Dr Clarke was hugely proud of her Clare roots and was laid to rest in the Comyn family burial plot in the old abbey at Bishop’s Quarter Cemetery, Ballyvaughan, on New
Year’s day.
Her funeral Mass in St Colmcille’s Church, Skryne, was celebrated by Fr Tom O’Mahony, PP, assisted by Fr Paddy Clarke, St Columban’s, Dalgan Park, brother-in-law of the
deceased, Fr Padraig O’Donovan, vice-director, Dalgan Park, and Fr George McCaughey, Salesian Fathers.
Dr Clarke is survived by her daughter, Michelle; son, Shane; grandchildren, Conor, Molly, Gile, Anna and Tom; sister, Dr Marcy McCann, Limerick; extended family, relatives and many dear neighbours and friends.

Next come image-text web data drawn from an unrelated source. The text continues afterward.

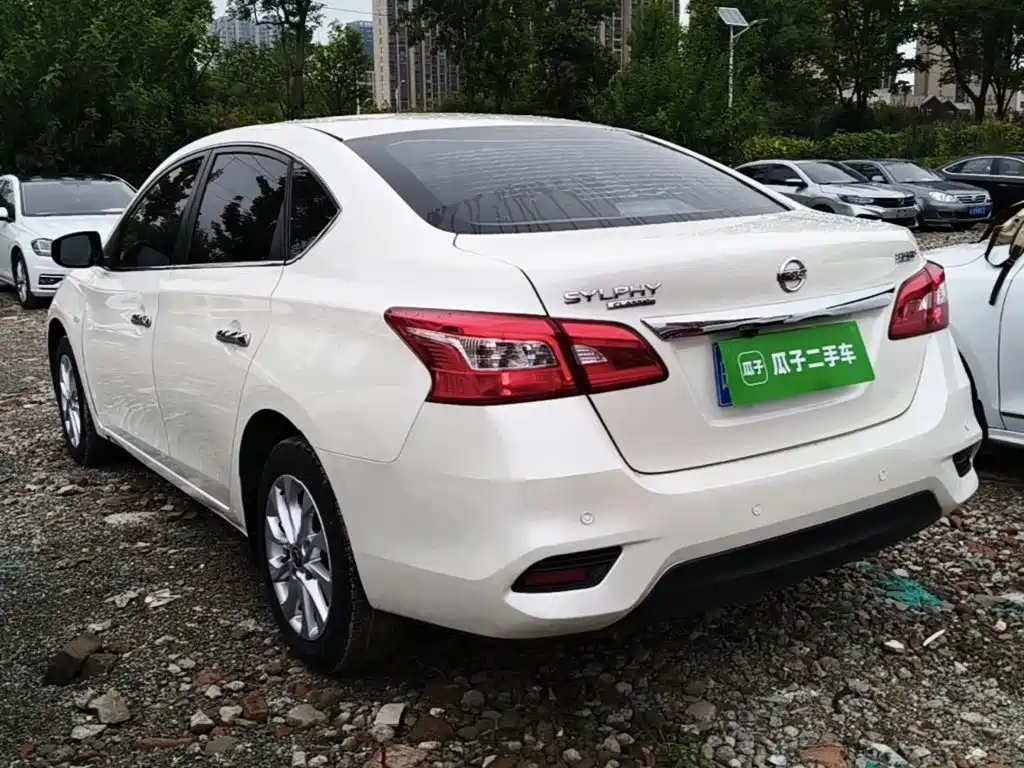 Nissan Sylphy — миниатюра 5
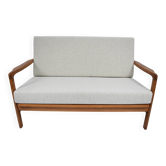Canapé deux places beige de style scandinave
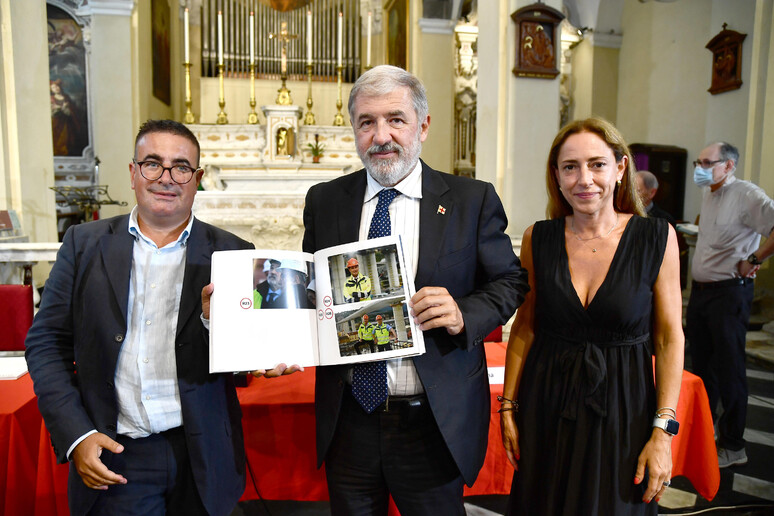 - RIPRODUZIONE RISERVATA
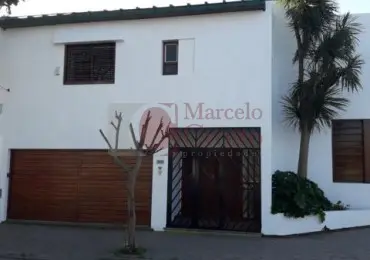 Casa de 5 ambientes en venta en NUEVA POMPEYA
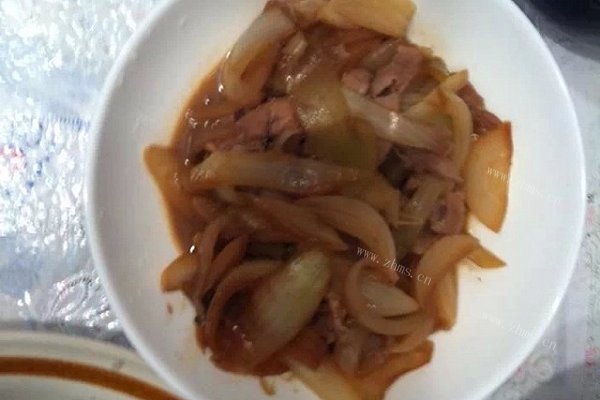 非常好吃的圆葱炒猪肉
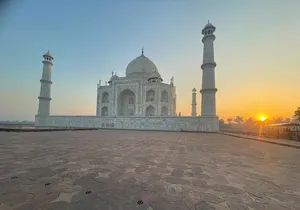 Sunrise Taj Mahal and Agra Fort Tour from Delhi with 5* Meal
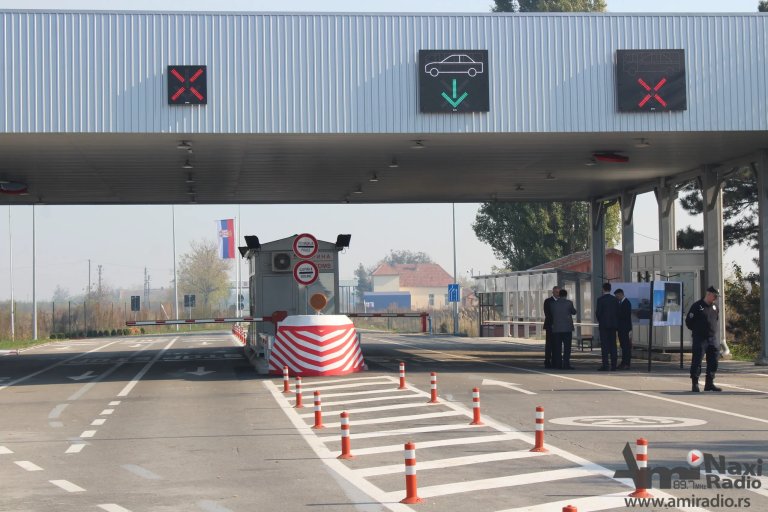 Stranci ne mogu u Srbiju bez PCR-a, za naše građane - test ili karantin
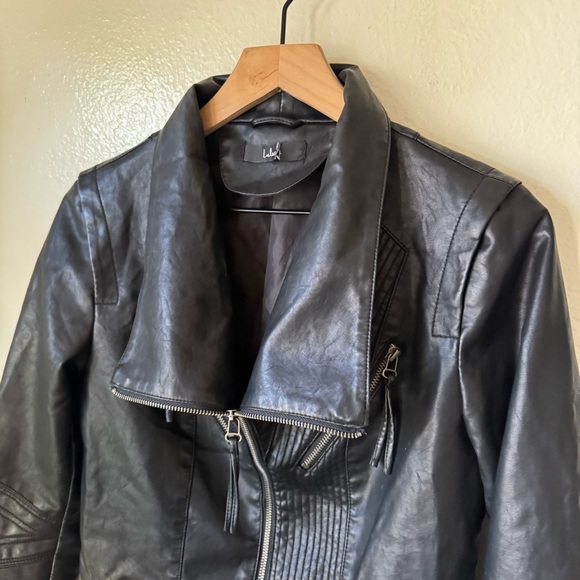 Lulus | Up on a Tuesday Black Vegan Leather Jacket - Picture 3 of 8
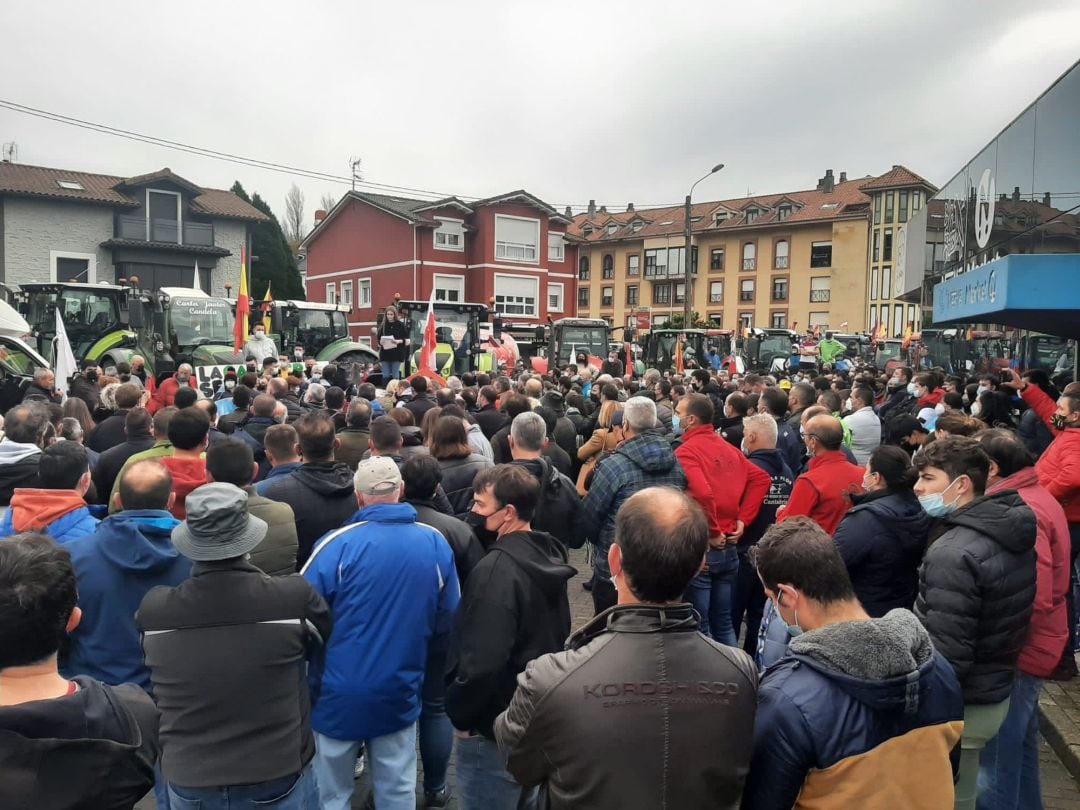 Manifestación de ganaderos frente a la fábrica de Nestlé en La Penilla.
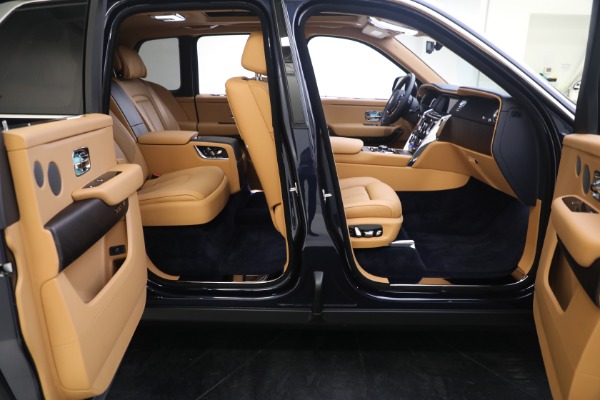 Used 2020 Rolls-Royce Cullinan for sale Sold at Bugatti of Greenwich in Greenwich CT 06830 25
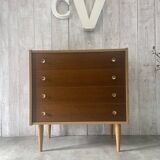 Commode aux pieds fuselés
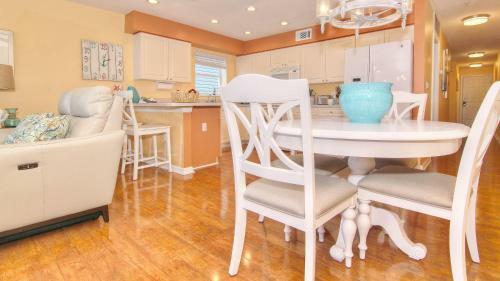 Sea Isle F By Teeming Vacation Rentals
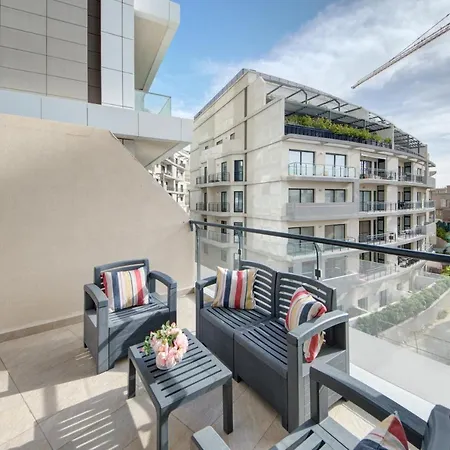 Fabulous In Pendergardens St Julians With Jacuzzi Apartmán Saint Julian's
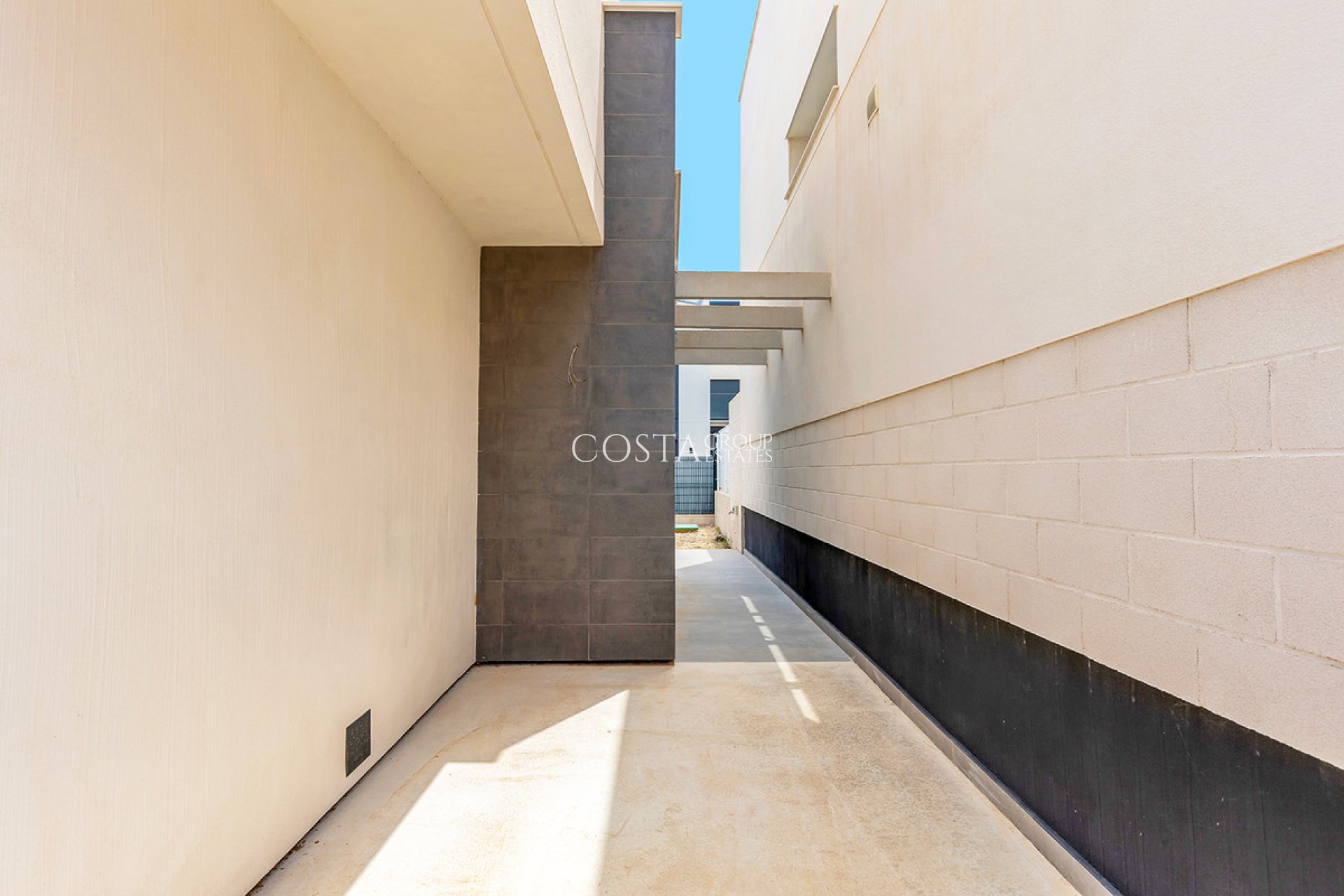 Wiederverkauf - Villa -
Orihuela - Orihuela Costa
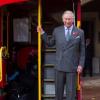 Le prince Charles rencontrant le 1er novembre 2012 à Clarence House des bénévoles du bus rouge du London Poppy Day pour le Poppy Appeal.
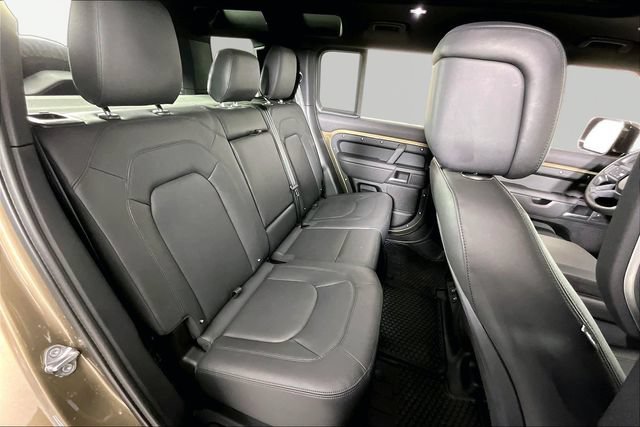 Used 2025 Land Rover Defender 110 X-Dynamic SE AWD/4WD image 23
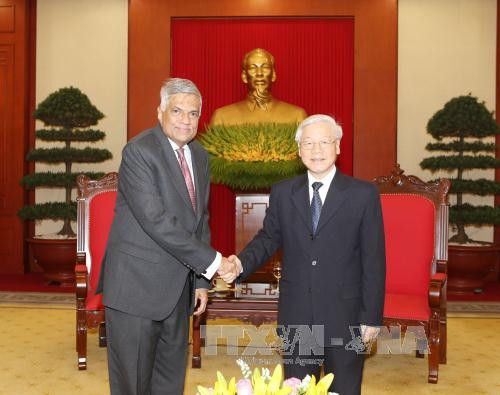 越共中央总书记阮富仲会见斯里兰卡总理拉尼尔·维克勒马辛哈 ảnh 1 越共中央总书记阮富仲会见斯里兰卡总理拉尼尔·维克勒马辛哈 ảnh 1
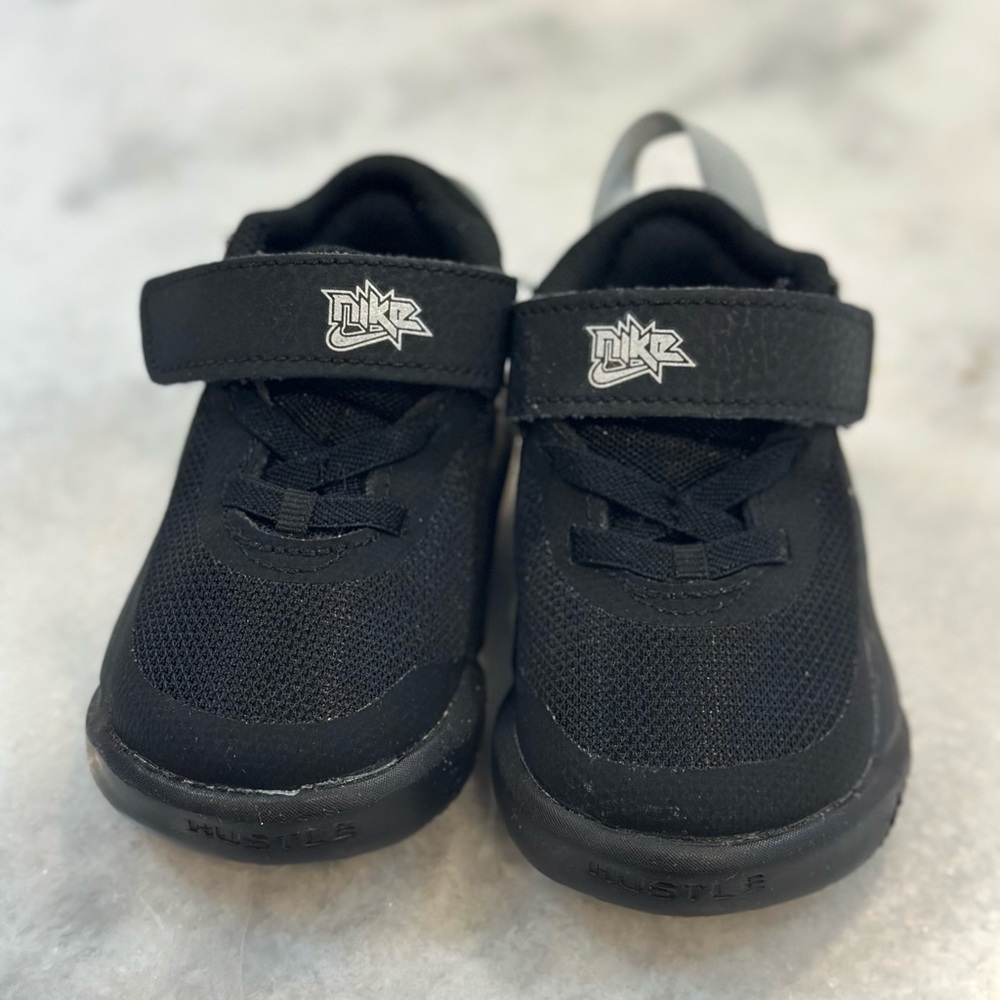 Nike Team Hustle D10 Black / Silver Baby Shoes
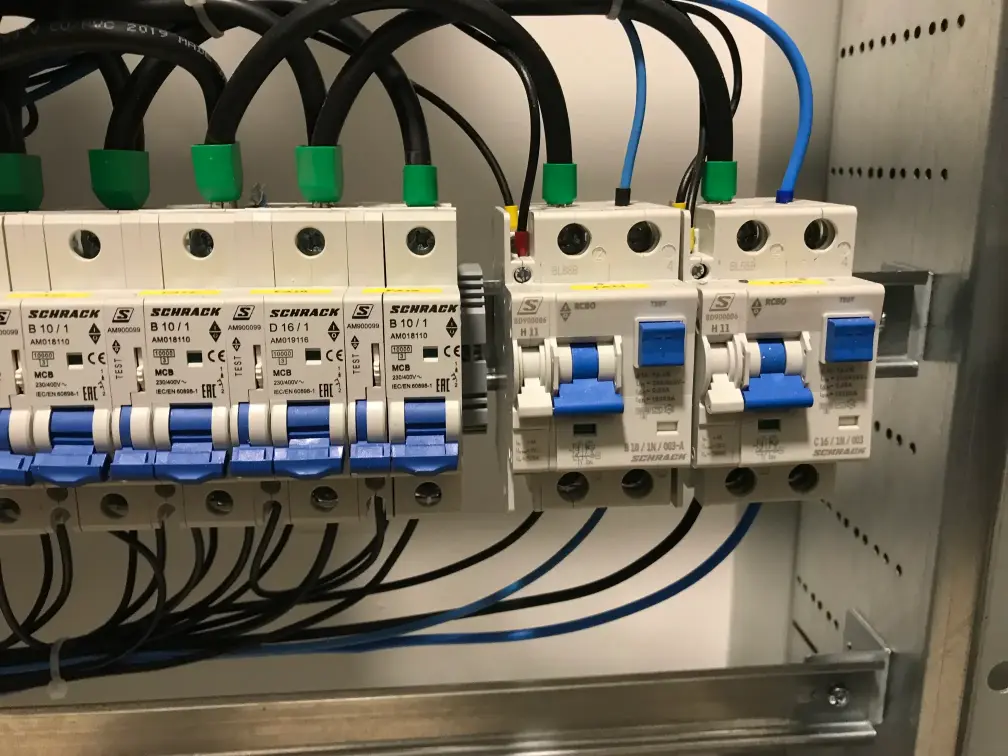 Elektroinstalace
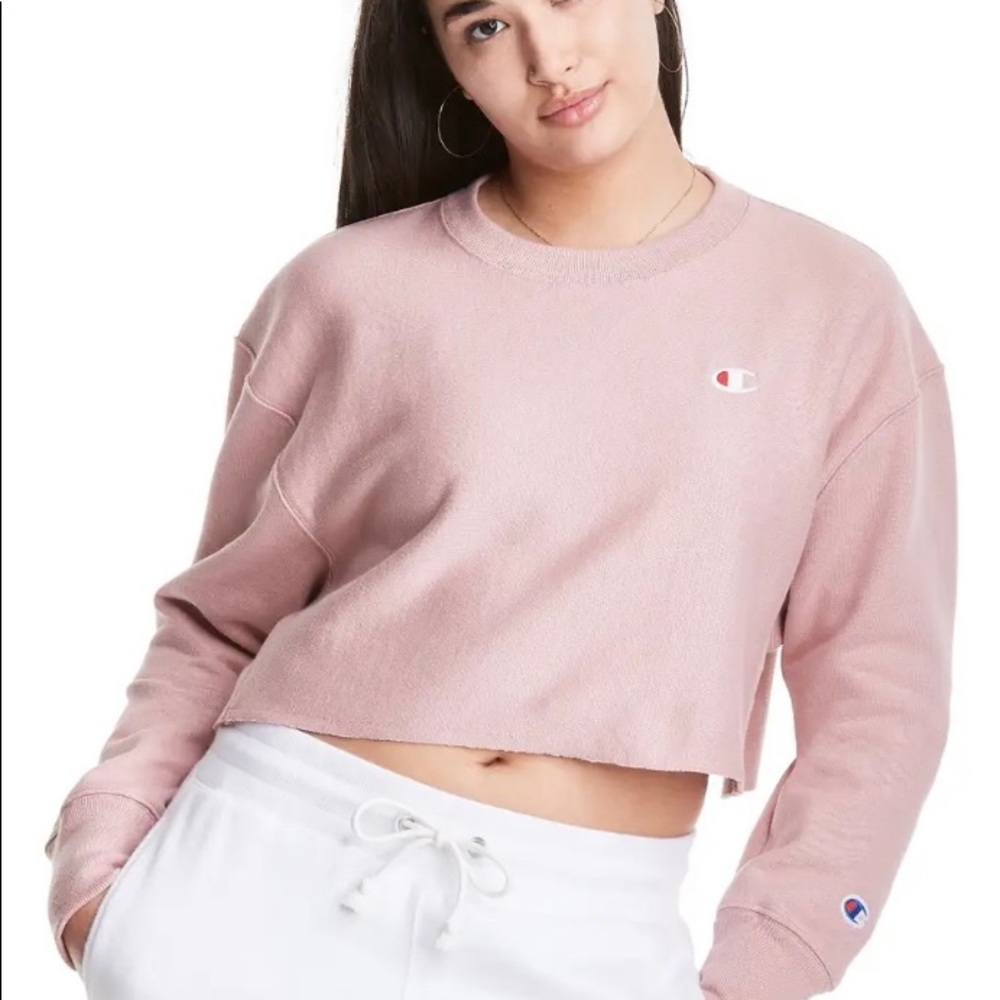 REVERSE WEAVE CROPPED CUT-OFF CREW.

A month’s memory Mass takes place in Rathfeigh Church on Saturday 27th January at 6pm.
Hi Michelle, I am a cousin of yours. I am P.J. O Connor from Ruan living in Leixlip, Co. Kildare for a long number of years. I was at your Mums reposing in Dunshaughlin, I met Shane and Gile your cousin and other family. My eldest brother Christy rang me as your Auntie Marci rang him about Rose. Marci maintains contact with him. I do hope and pray that your treatment is going well and that you are feeling much better. My sympathies to you on your Mums passing. Wishing you all the best in the future. I do have a son in law from Harare married to my nursing daughter Niamh. God bless you Michelle. Your cousin P. J.